We only ever found one Stone Seed, yet it always seemed to be in use in so many places. It was never hard to get a hold of. In a whole city of architects, any one of us could get our hands on it whenever we wanted. Always available, never in use when you needed it.
Fifty, sixty nested layers deep, time seemed to flow differently. Maybe it always did. Maybe we only needed to go that deep to notice it.
People were disappearing, walking through the empty hallways and never coming out.
I began asking. Who? When? Where?
Never architects, I learned. Never mages, no, never mages who had touched the Seed. Or at least, none that hadn’t walked into the dark of their own volition.
The number of that latter category didn’t surprise me as much as it possibly should have. Even then, I felt the pull.
What hides in the spaces between spaces between spaces?
The deeper you went, the sooner you disappeared. Never when anyone was looking for you, but deep enough, always, if no one were.
Even beginning to raise concerns was met by immediate anger. Anger explosive enough that, were I not a respected senior architect, I fear would have killed me. The Stone Seed was safe, they insisted, and I agreed, I wanted, longed to agree. The Stone Seed was safe. Our art had still not reached its pinnacle. Makhri-fe was a city yearning to grow, and it was our duty to make it so.
I agreed. I agreed, and I knew, deep in a corner of my heart that still feared the dark, that it was too late for any of us.
What hides in the spaces between spaces between spaces?
Nothing. Vast, incomprehensible nothing. By its nature, humanity fears nothing more than the unknown. And I fear nothing more than anything.
The worst thing is how easy it was.
My worst crime was not to kill the city, it was that I did it without thinking. I was hit by an idea, and ideas in Makhri-fe were there to be chased, not questioned.
I found a door to the outside, and looked into the sky for the last time. Glimpses of blue shone between abandoned, twisted towers. The Sun was brighter than I remembered. It hurt my skin, weighed on me like a physical thing.
I bowed my head towards the stone and returned to the dark, and I locked the door behind me.
A simple fluctuation. Walking in would do as it had always done, but trying to walk out would lead you back where you began. Seamlessly, unnoticeably, I made it impossible to find this door, among the thousands of the city.
It didn’t seem significant. By the rubble and dust on the floor, it was clear no one had used the door for years.
Then I continued, and every door I found, I sealed the same way.
When I was done, I had sealed every exit of the city, and there was no way left for anyone to get out.
It did not seem significant, at the time. Anyone could escape, using the Stone Seed, and anyone could get their hands on the Stone Seed if necessary. It would always be possible.
Days passed, and no one did. We dug ever deeper, built ever larger, and no one ever seemed to notice they were trapped.
Or at least, none of the architects did. There were still people in the city other than us. Thousands of them, still. A week after I sealed the doors, there were riots through the endless halls of people who could no longer get their food and water. No one was starving yet, but it was clear they would be, were the doors not opened.
I realized I did not remember the last time I ate.
What hides in the spaces between spaces between spaces between spaces between spaces between spaces between spaces between spaces between spaces between spaces between spaces between spaces between spaces betw
I took the Stone Seed and I painted around the riots, around the city, around the architects, around every grand wonder we had produced in fifty years of growing inwards.
I took the Stone Seed and I did not give it back.

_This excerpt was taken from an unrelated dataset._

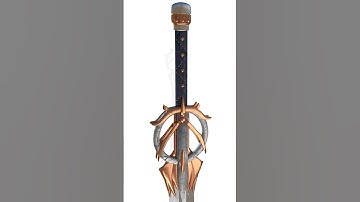 Fantasy Sword - improved model with better materials and textures #3danimation #gaming #sword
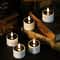 Solar Powered Candle Light Outdoor Waterproof Flame Less Garden Lawn Table Decor For Party Home Val 5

I wanted to. I wanted to let it go, give it up, let someone else have their turn.
I shattered hallways into fractal fluctuations, made them go everywhere and nowhere. I changed door connections, closed some and opened others, connecting it all in a single spiral. Every door and hallway leads you deeper. None will ever lead you back.
This is when I killed the city.
They hunted me, of course, once they realized what I was doing, but without the Seed, there was nothing they could do.
I do not know how many hundred layers deep I am. How deep you are, if you are reading this. Time and space apply only in the abstract, here. We will die never, or in an instant, or forever. I dug a hole with no bottom and dropped the Seed in to fall.
There is no way out. I am sorry.
Even if you had the Seed, even if you were a mage, only the architects of Makhri-fe ever knew how to use it without tearing themselves apart.
Even then, we did.
The light you are reading this by is of the dark as well.
I am sorry. I am sorry. I am sorry.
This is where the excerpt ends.